Hate It or Love It, the Ending of ‘How I Met Your Mother’ Is Going to Age Well

By  · Published on April 2nd, 2014

by J.F. Sargent

CBS

On a filmmaking and storytelling level, the How I Met Your Mother series finale “Last Forever” was pretty sloppy. But the central point – killing the finally-named Tracy and having Ted end up with Robin – is the best possible way they could’ve closed this whole big beautiful mess out.

Ted and Robin have always been the show’s Ross and Rachel, the “Will They/Won’t They” couple whose conflict drives the series. And yes, it does in fact drive the series: it’s the only inter-character issue that has been present for the entire series. Other things come and go, Ted and Robin’s weird, complicated, sexual and romantic tension has maintained.

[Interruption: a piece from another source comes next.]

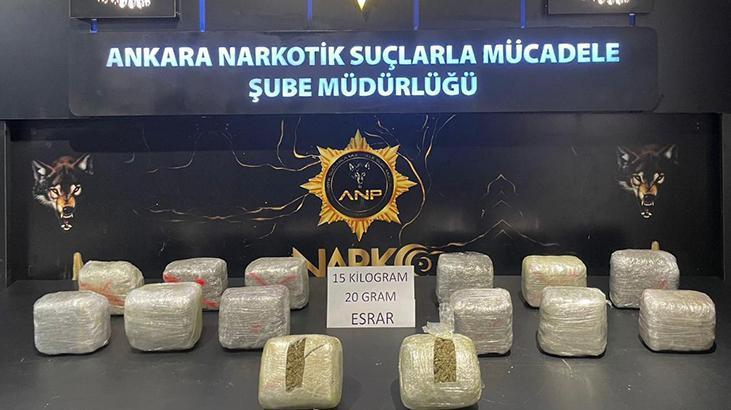 Ankara’da bir kamyonet kasasındaki buzdolabında bulundu! Tam 15 kilogram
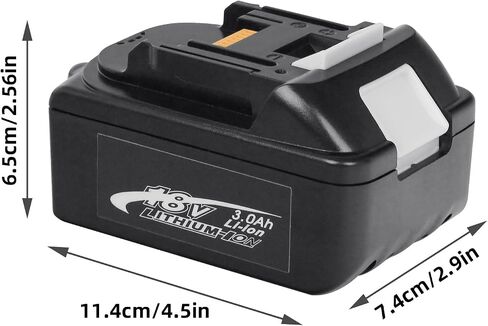 3.0Ah 18 Volt Battery Replace for Makita 18V Battery BL1830 BL1830B, Compatible with makita 18v Battery Chargers and Cordless Power Tools in Kuwait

You might insist that finding “The Mother” is the real point of the show, but I’d argue that that’d be kinda terrible. Remember, “The Mother” isn’t a character until season 9, and doesn’t even get a name until the final minutes. Let me say that again, but with italics for emphasis. She doesn’t get a name until the final minutes. Ted’s pursuit of “The perfect woman” isn’t a romance story, it’s an emotional fetch-quest, shallow, selfish and narcissistic. Tracy just isn’t enough of an entity for the beginning of their relationship to provide the closure we need in a series like this.

In storytelling terms, “The Mother” is what Ted wants, “Robin” is what he needs, and you should always give your protagonist what he needs.

But of course, the story’s more complicated than that, isn’t it? Because Ted does get what he wants for a while, and there’s no indication that it wasn’t great, perfect, everything he wanted. And that’s exactly why we can’t see a lot of it: happy relationships don’t make good TV. So she died – just like her first “great love” died, which sets off a great string of narrative symmetries.

Their marriage didn’t fail, it just ended – much like Robin and Barney’s. Both Ted and Tracy had to move on after the death of a loved one, even though they weren’t sure they could – just like Lily had to move on to something better after giving up her dreams of being an artist, and Marshall had to push aside his dreams of being an environmental lawyer so he could become a judge. Just like The Arcadian had to be torn down to make room for Goliath National Bank.

Hell, every major story arc in the series has been about learning to give things up to make room for something new, because like Barney says, “newer is always better.” (That’s not true – newer is just new, and it’s okay to love it.)

And that’s why this ending, on a thematic level, is great. It follows the necessary sitcom plot structure (The “Will They/Won’t They Couple” finally does) but it uses it to send a message that subverts the entire thing: you don’t just get “one love” in your life. There’s no major event that defines your existence. You fall in love, and you fall out, and that’s okay. You have wonderful friendships, but then you drift apart, and that’s also okay. Everything great ends, which is exactly what makes those things so great – if they lasted forever, they’d be normal.

So don’t be afraid to move on. In this specific instance, to the next TV show.